Bonanza Creek Energy, Inc.

410 17th Street, Suite 1400

Denver, Colorado 80202

 

Ladies and Gentlemen:

 

We have acted as counsel to Bonanza Creek Energy, Inc., a Delaware corporation (the “Company”).  This letter is being delivered in connection with the Registration Statement on Form S-8 (the “Registration Statement”) to be filed by the Company with the Securities and Exchange Commission (the “Commission”), relating to the registration under the Securities Act of 1933, as amended (the “Securities Act”), of up to 2,250,000 shares of the Company’s common stock, par value $0.001 per share (the “Shares”), reserved for issuance pursuant to the Bonanza Creek Energy, Inc.

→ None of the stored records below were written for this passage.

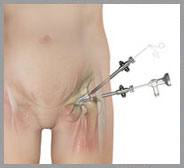 Hip Arthroscopy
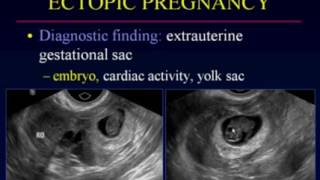 Sonographic Evaluation of Ectopic Pregnancy [upl. by Arlina419]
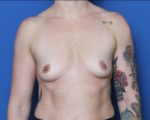 Breast Augmentation - Case MM5578 - Before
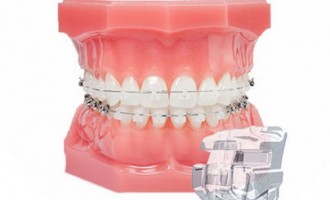 Cum știi că ai nevoie de aparat dentar?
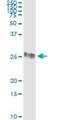 Glutathione S-Transferase Pi 1 antibody, H00002950-M01, Novus Biologicals, Immunoprecipitation image 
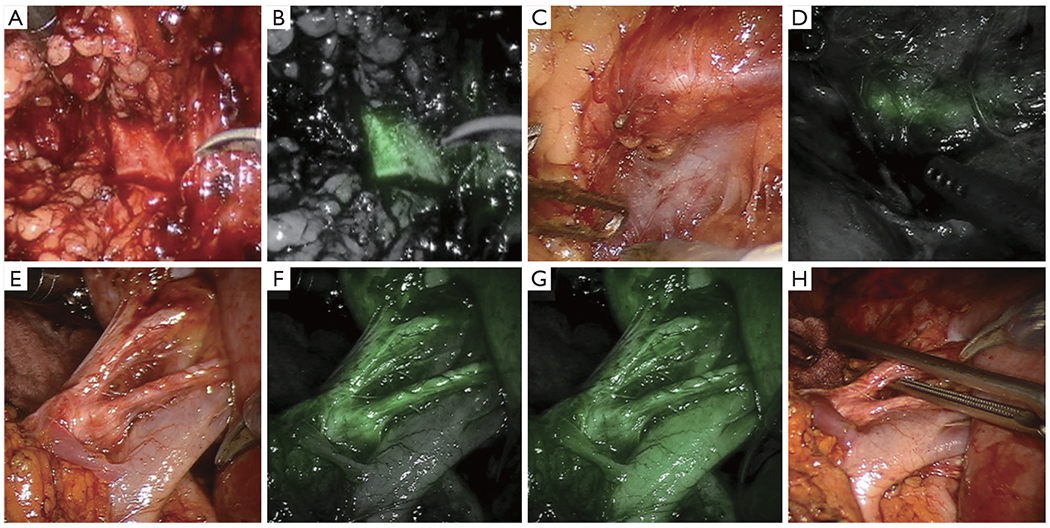 A narrative review of fluorescence imaging in robotic-assisted surgery.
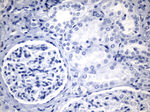 CTLA4 Antibody in Immunohistochemistry (Paraffin) (IHC (P))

Amended and Restated 2011 Long Term Incentive Plan (the “Plan”).

 

In rendering the opinions set forth below, we have examined the Registration Statement and the Plan.  We have also examined the originals, or duplicates or certified or conformed copies, of such corporate and other records, agreements, documents and other instruments and have made such other investigations as we deemed relevant and necessary in respect of the authorization and issuance of the Shares, and such other matters as we deemed appropriate.  In such examination, we have assumed the genuineness of all signatures, the legal capacity of natural persons, the authenticity of all documents submitted to us as originals, the conformity to original documents of all documents submitted to us as duplicates or certified or conformed copies, and the authenticity of the originals of such latter documents.

 

We are members of the Bar of the State of Colorado.  Our examination of matters of law in connection with the opinions set forth below has been limited to, and accordingly our opinions herein are limited to, the General Corporation Law of the State of Delaware, including all applicable provisions of the Delaware Constitution and reported judicial decisions interpreting such law.  We express no opinion with respect to the laws of any other jurisdiction or of any other law of the State of Delaware.

 

Based upon the foregoing, and subject to the limitations, qualifications, exceptions and assumptions expressed herein, we are of the opinion that the Shares have been duly authorized and, when and to the extent issued in accordance with the terms of the Plan, including payment of any applicable exercise price therefor, will be validly issued, fully paid and non-assessable.

 

This opinion is given as of the date hereof and we have no obligation to update this opinion to take into account any change in applicable law or facts that may occur after the date hereof.  We hereby consent to be named in the Registration Statement and in the Prospectus constituting a part thereof, as amended from time to time, as the attorneys who will pass upon legal matters in connection with the issuance of the Shares, and to the filing of this opinion as an Exhibit to the Registration Statement.  In giving this consent, we do not hereby admit that we are in the category of persons whose consent is required under Section 7 of the Securities Act and the rules and regulations of the Commission thereunder.